WORK INSTRUCTION – In the records below, please retype word for word every line from the one containing "Herbal formulation for" through the final one, both included, and nothing else.

[Opening DATA RECORDS section]

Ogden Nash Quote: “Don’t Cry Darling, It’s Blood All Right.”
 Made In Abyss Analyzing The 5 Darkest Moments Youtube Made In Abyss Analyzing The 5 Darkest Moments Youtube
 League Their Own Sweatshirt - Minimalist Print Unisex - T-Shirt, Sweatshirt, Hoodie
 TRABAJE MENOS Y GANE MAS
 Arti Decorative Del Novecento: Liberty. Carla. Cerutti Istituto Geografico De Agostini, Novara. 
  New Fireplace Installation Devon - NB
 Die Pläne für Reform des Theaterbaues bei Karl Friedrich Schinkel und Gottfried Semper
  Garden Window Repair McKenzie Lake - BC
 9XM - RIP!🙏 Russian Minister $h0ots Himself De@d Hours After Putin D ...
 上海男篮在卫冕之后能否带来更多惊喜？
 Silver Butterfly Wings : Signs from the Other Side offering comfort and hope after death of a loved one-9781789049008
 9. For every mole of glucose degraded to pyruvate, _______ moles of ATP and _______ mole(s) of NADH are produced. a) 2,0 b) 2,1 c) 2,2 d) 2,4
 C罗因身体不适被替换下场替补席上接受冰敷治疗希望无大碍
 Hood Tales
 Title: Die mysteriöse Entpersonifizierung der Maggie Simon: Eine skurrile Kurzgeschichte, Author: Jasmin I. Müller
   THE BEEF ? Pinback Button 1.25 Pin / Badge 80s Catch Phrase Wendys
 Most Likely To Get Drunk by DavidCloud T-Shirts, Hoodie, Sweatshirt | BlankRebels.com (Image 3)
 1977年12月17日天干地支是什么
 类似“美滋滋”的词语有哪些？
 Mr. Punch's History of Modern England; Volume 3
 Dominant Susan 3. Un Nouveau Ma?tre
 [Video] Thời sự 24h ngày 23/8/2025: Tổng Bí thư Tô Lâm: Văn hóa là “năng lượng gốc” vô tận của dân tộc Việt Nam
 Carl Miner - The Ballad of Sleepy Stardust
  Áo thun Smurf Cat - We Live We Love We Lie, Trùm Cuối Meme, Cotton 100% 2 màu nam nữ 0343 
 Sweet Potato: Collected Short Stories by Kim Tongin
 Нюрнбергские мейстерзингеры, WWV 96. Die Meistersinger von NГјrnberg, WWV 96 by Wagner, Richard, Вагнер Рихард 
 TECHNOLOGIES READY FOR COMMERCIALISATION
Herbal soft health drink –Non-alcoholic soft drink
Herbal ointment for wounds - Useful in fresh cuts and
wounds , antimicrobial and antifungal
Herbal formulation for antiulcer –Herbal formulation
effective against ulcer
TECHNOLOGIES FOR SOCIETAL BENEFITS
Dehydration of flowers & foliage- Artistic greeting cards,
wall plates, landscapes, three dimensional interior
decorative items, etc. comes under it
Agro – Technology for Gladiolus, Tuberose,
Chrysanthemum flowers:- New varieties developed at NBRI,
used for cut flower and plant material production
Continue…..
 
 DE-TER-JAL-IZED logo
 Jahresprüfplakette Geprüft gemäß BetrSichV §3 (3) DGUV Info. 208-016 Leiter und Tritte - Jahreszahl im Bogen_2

[Closing DATA RECORDS section]

COMPLETED TASK –
Herbal formulation for antiulcer –Herbal formulation
effective against ulcer
TECHNOLOGIES FOR SOCIETAL BENEFITS
Dehydration of flowers & foliage- Artistic greeting cards,
wall plates, landscapes, three dimensional interior
decorative items, etc. comes under it
Agro – Technology for Gladiolus, Tuberose,
Chrysanthemum flowers:- New varieties developed at NBRI,
used for cut flower and plant material production
Continue…..
 
 DE-TER-JAL-IZED logo
 Jahresprüfplakette Geprüft gemäß BetrSichV §3 (3) DGUV Info. 208-016 Leiter und Tritte - Jahreszahl im Bogen_2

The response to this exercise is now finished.